Everything that’s certain (Shelter In Place orders) is unfamiliar, and very, very few things about our futures seem certain anymore. Not that the future WAS certain before this pandemic, but at least the way I lived, the day-to-day grind made it feel like there was certainty about the future. I have not seen a yoga student in 3D in a month. A month ago, I would have scoffed at the idea that we would not be back in class by now. In myself, I witness my stress at sorting out my work life, shame at having human needs I struggle to meet, guilt over the resources and security I am privileged to have, hope and pride when I send out applications and cover letters for freelance work, frustration at what I lack in yoga video self-production, joy at the amount of baking I get to do, and relief that I’m not daily packing up 12+ hours of my life to drive all over multiple counties for too little money. What I notice, in addition to the very obvious anxiety and depression, is dissonance.

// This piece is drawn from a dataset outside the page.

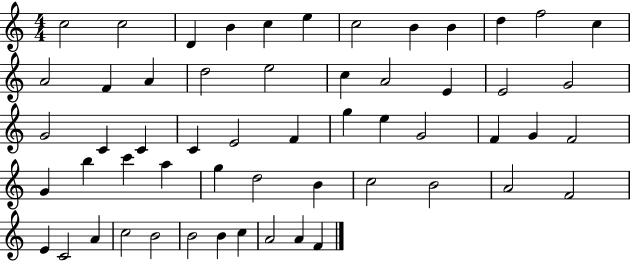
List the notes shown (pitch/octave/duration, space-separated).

C5/h C5/h D4/q B4/q C5/q E5/q C5/h B4/q B4/q D5/q F5/h C5/q A4/h F4/q A4/q D5/h E5/h C5/q A4/h E4/q E4/h G4/h G4/h C4/q C4/q C4/q E4/h F4/q G5/q E5/q G4/h F4/q G4/q F4/h G4/q B5/q C6/q A5/q G5/q D5/h B4/q C5/h B4/h A4/h F4/h E4/q C4/h A4/q C5/h B4/h B4/h B4/q C5/q A4/h A4/q F4/q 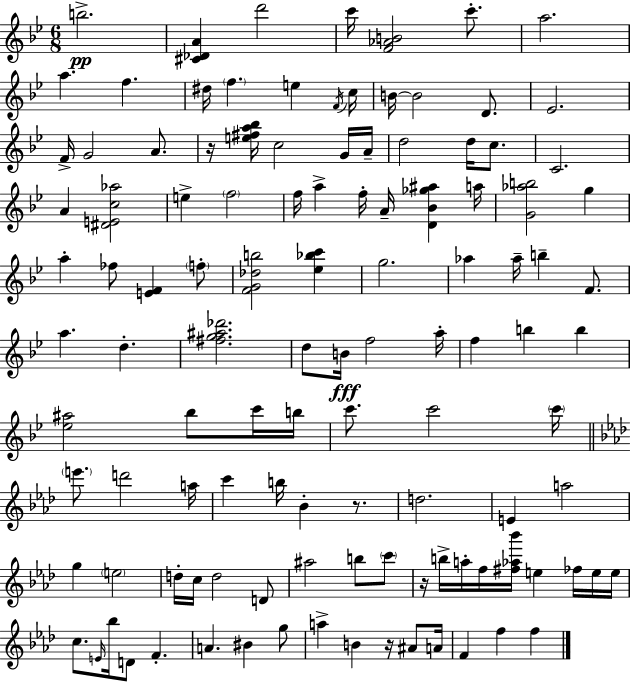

Dissonance, this simultaneous experience of seemingly conflicting feelings, makes a lot of people (It’s me, I’m a lot of people) deeply uncomfortable. I think in the past, I have experienced cognitive and emotional dissonance as unpleasant “noise.” In an environment of physical noise that reaches a certain volume or convolution, my first impulse is to avoid it or try to reduce ALL of it. It’s much the same in the environment of my mental and emotional noise. What I know now is, the only true relief from the tension and stress of mental and emotional noise, is to stay within the experience, listen over time, and sort out the different tones. If I can use my attention to notice and separate my conflicting thoughts and emotions, maybe I then have opportunity to think about where each piece could fit in a more harmonious way. Maybe I’m more likely to notice where I have an opportunity to act in a positive way. Maybe I can see a place where I am wasting energy, or recognize how much rest I need. Maybe I can release anything that was rigid in my view of my future. Maybe I can shrink down the scope of what I think I can control to its true size. Maybe I can acknowledge the burden of coping with all this change and uncertainty. If it all falls apart, it was honestly going to do that anyway. Maybe I can still breathe in a post-fell-apart world.